# 2006 GTO Stroker/Cam New idea for cheap mods?



## Spiceredgoat (Aug 10, 2018)

Hello everyone I have a 2006 Pontiac GTO LS2 A4 with JBA shorty headers, cold air intake, BTR stage 3 racing cam, Eagle forged stroker rotating assembly, stock heads with just springs and stock manifold.

My question is for a less expensive upgrade to get the most out of my car what should I go with? 3.90 gears? Ported intake ? any suggestions would help thank you.


----------



## GTO44 (Apr 11, 2016)

3200-3500 stall would wake it up more than any of those. 

I would also upgrade those shortie heads to long tubes to get the most out of that Stage 3 BTR.

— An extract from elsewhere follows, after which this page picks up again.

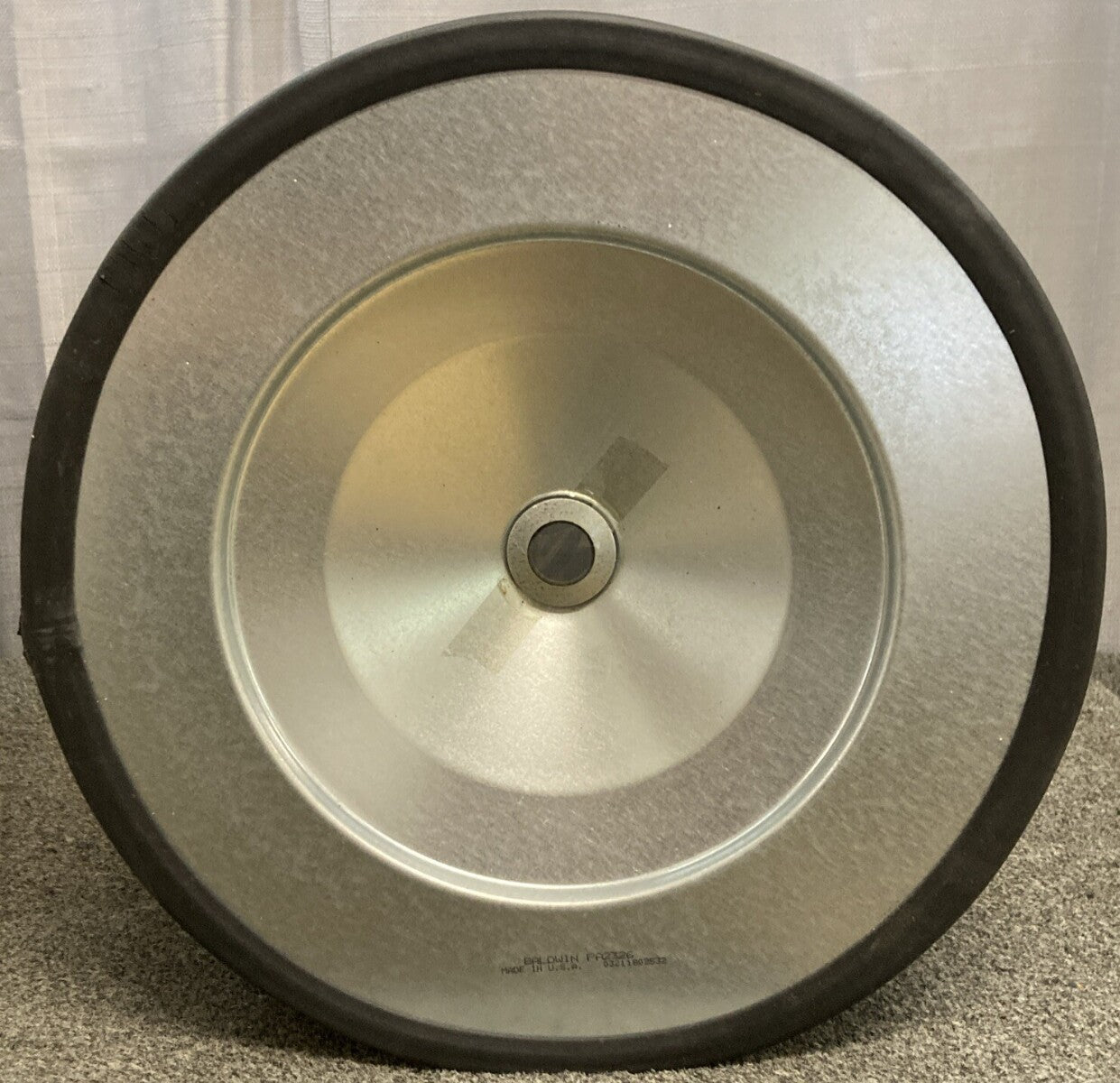 NEW BALDWIN PA2326 AIR FILTER FITS PETERBILT 320, AUTOCAR LLC. Xpeditor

Then yes 3.90 gears will kick it up another notch for sure.


----------



## Spiceredgoat (Aug 10, 2018)

GTO44 said:


> 3200-3500 stall would wake it up more than any of those.
> 
> I would also upgrade those shortie heads to long tubes to get the most out of that Stage 3 BTR.
> 
> Then yes 3.90 gears will kick it up another notch for sure.


Thank you! i did forget to say i have 3000 stall so im thinking long tube and 3.9s


----------